Watch looking for mounts disappearing per host

alerting

(Rob) #1

I have a watch that I copied and tweaked from another watch that I know works. The working watch is only looking at a DB and does not need to look at multiple hosts. The watch that I have for use is as follows:

 {
  "trigger": {
"schedule": {
  "interval": "4m"
}
  },
  "input": {
"search": {
  "request": {
    "search_type": "query_then_fetch",
    "indices": [
      "metricbeat-*"
    ],
    "types": [],
    "body": {
      "size": 50,
      "query": {
        "bool": {
          "filter": [
            {
              "range": {
                "@timestamp": {
                  "from": "now-5m",
                  "to": "now"
                }
              }
            }
          ],
          "must": [
            {
              "match": {
                "fields.team": "MyTeamName"
              }
            },
            {
              "exists": {
                "field": "system.filesystem.mount_point"
              }
            }
          ]
        }
      },
      "_source": {
        "excludes": []
      }
    }
  }
}
  },
  "condition": {
"compare": {
  "ctx.payload.hits.total": {
    "lt": 1
  }
}
  },

I have an action to send an email which should work.
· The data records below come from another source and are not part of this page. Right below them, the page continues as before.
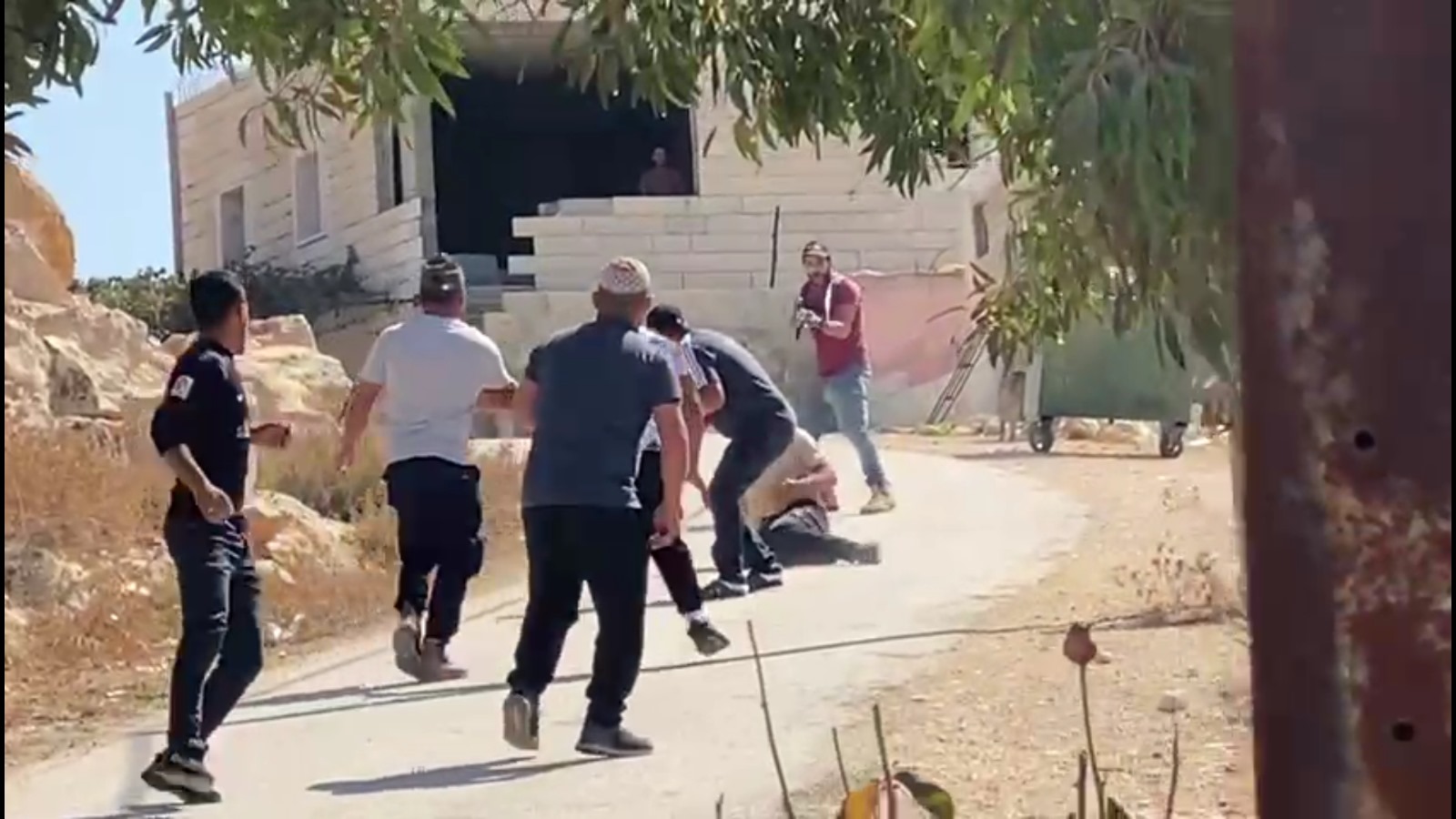 مستوطن يشهر السلاح في وجه شباب فلسطينيين استعدادا لإطلاق النار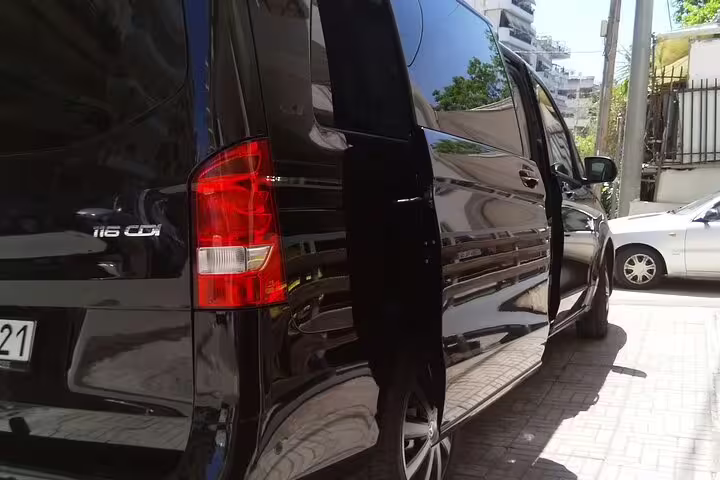 Black Mercedes van with sliding door open for Athens city centre to Athens International Airport transfer service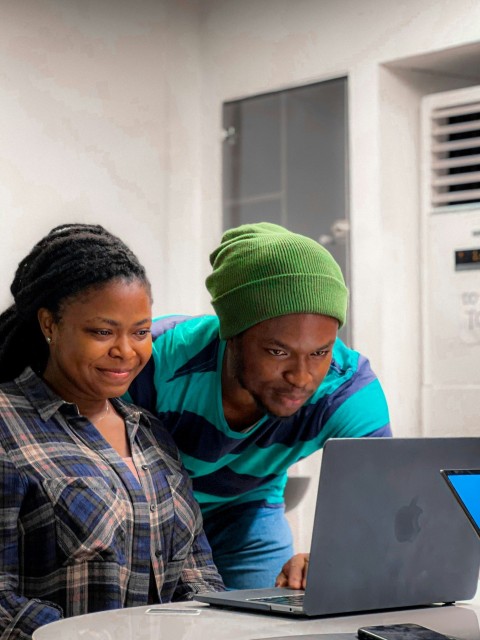 a man and a woman looking at a laptop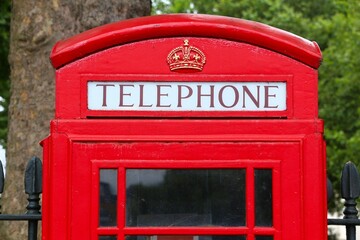 British telephone booth in London - 783096139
What I need from this watch that I am unable to figure out is to go through all of the hosts in MetricBeat that match the fields and alert (with the hostname) if any of the hosts do not have the "field": "system.filesystem.mount_point". I have looked into aggregations and am assuming that this is the route that I would have to go but do not understand it enough to get it to work. I have added the following between the body.size section and the query section but now my watch does not see to run even though it is active (I do not see any history for the watch even though it is active):

	  "aggs": {
		"per_host": {
			"aggs": {
				"per_minute":{
					"date_histogram":{
						"field": "@timestamp",
						"interval": "4m"
					},
				}
			},
			"terms": {
				"size": 100,
				"field": "beat.hostname"
				}
			}
		},

There are over 80 hosts and more are to be added as time goes on so doing an alert per host as the infrastructure team has done with the infrastructure would be unmanageable. Any info as to how to get this done will be helpful. Thanks for the assistance.


(Rob) #2

To update this, I believe that I now have the correct syntax but would like someone to review it to let me know if I am missing something. When I simulate it, I get back the hostnames along with the mount points and the number of documents related to it which is what we should see. I would like it to alert if the mount points are no longer available (0 documents) which I think the following will do. I am currently working with the team in charge of the environment to see if they can unmount the mount points for one of the test systems which will let me know if this works or not. Here is what I have so far:

{
  "trigger": {
    "schedule": {
      "interval": "4m"
    }
  },
  "input": {
    "search": {
      "request": {
        "search_type": "query_then_fetch",
        "indices": [
          "metricbeat-*"
        ],
        "types": [],
        "body": {
          "size": 50,
          "query": {
            "bool": {
              "must": [
                {
                  "match_all": {}
                },
                {
                  "match_phrase": {
                    "fields.team": {
                      "query": "MyTeamName"
                    }
                  }
                },
                {
                  "range": {
                    "@timestamp": {
                      "from": "now-5m",
                      "to": "now"
                    }
                  }
                }
              ],
              "must_not": []
            }
          },
          "_source": {
            "excludes": []
          },
          "aggs": {
            "2": {
              "terms": {
                "field": "beat.hostname",
                "size": 50,
                "order": {
                  "_count": "desc"
                }
              },
              "aggs": {
                "3": {
                  "terms": {
                    "field": "system.filesystem.mount_point",
                    "size": 5,
                    "order": {
                      "_count": "desc"
                    }
                  }
                }
              }
            }
          }
        }
      }
    }
  },
  "condition": {
    "compare": {
      "ctx.payload.hits.total": {
        "lt": 1
      }
    }
  },

any info will be of great use. Thank you for your time and assistance with regards to this.


(system) #3

This topic was automatically closed 28 days after the last reply. New replies are no longer allowed.